Although unable to assent to the grounds upon which the court rests its opinion, I concur in the judgment dismissing
MR. JUSTICE BROWN concurring in the result.
I am not prepared to say that if the State of Texas had placed an embargo upon the entire commerce between Louisiana and Texas, the State of Louisiana would not be sufficiently representative of the great body of her citizens to maintain this bill.
In view of the solicitude which from time immemorial States have manifested for the interest of their own citizens; of the fact that wars are frequently waged by States in vindication of individual rights, of which the last war with England, the opium war of 1840 between Great Britain and China, and the war which is now being carried on in South Africa between Great Britain and the Transvaal Republic, are all notable examples; of the further fact that treaties are entered into for the protection of individual rights, that international tribunals are constantly being established for the settlement of rights of private parties, it would seem a strange anomaly if a State of this Union, which is prohibited by the Constitution from levying war upon another State, could not invoke the authority of this court by suit to raise an embargo which had been established by another State against its citizens and their property.

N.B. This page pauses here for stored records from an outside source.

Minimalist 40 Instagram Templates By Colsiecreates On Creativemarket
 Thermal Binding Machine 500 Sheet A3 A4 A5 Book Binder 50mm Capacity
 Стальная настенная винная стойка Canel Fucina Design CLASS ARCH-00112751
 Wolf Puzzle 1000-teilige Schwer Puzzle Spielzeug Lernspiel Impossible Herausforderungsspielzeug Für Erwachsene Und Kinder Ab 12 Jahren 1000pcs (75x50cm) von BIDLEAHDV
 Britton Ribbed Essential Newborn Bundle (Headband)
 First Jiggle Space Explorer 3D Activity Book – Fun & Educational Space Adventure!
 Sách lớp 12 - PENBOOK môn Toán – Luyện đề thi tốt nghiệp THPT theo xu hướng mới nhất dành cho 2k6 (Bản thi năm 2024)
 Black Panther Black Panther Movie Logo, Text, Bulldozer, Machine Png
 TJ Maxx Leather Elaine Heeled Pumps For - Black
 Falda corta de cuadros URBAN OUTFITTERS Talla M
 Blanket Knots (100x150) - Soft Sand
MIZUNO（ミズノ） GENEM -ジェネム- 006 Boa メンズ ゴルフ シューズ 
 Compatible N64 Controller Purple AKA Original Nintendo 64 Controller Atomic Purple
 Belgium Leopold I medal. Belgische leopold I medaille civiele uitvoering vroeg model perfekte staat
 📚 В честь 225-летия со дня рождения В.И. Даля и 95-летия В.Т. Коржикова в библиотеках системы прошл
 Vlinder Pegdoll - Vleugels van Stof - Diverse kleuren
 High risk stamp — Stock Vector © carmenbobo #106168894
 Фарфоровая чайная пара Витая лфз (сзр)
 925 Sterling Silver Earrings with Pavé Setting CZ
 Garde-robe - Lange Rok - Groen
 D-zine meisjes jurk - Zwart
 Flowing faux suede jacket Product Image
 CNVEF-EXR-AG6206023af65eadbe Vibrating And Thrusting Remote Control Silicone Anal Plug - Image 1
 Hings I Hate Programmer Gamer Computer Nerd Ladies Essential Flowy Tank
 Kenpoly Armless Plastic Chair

An embargo, though not an act of war, is frequently resorted to as preliminary to a declaration of war, and may be treated under certain circumstances as a sufficient casus belli. The case made by the bill is the extreme one of a total stoppage of all commerce between the most important city in Louisiana and the entire State of Texas; and while I fully agree that resort cannot be had to this court to vindicate the rights of individual citizens, or any particular number of individuals, where a State has assumed to prohibit all kinds of commerce with the chief city of another State, I think her motive for doing so is the proper subject of judicial inquiry.
But the objection to the present bill is that it does not allege the stoppage of all commerce between the two States, but between the city of New Orleans and the State of Texas. The controversy is not one in which the citizens of Louisiana generally can be assumed to be interested, but only the citizens of New Orleans, and it therefore seems to me that the State is not the proper party complainant.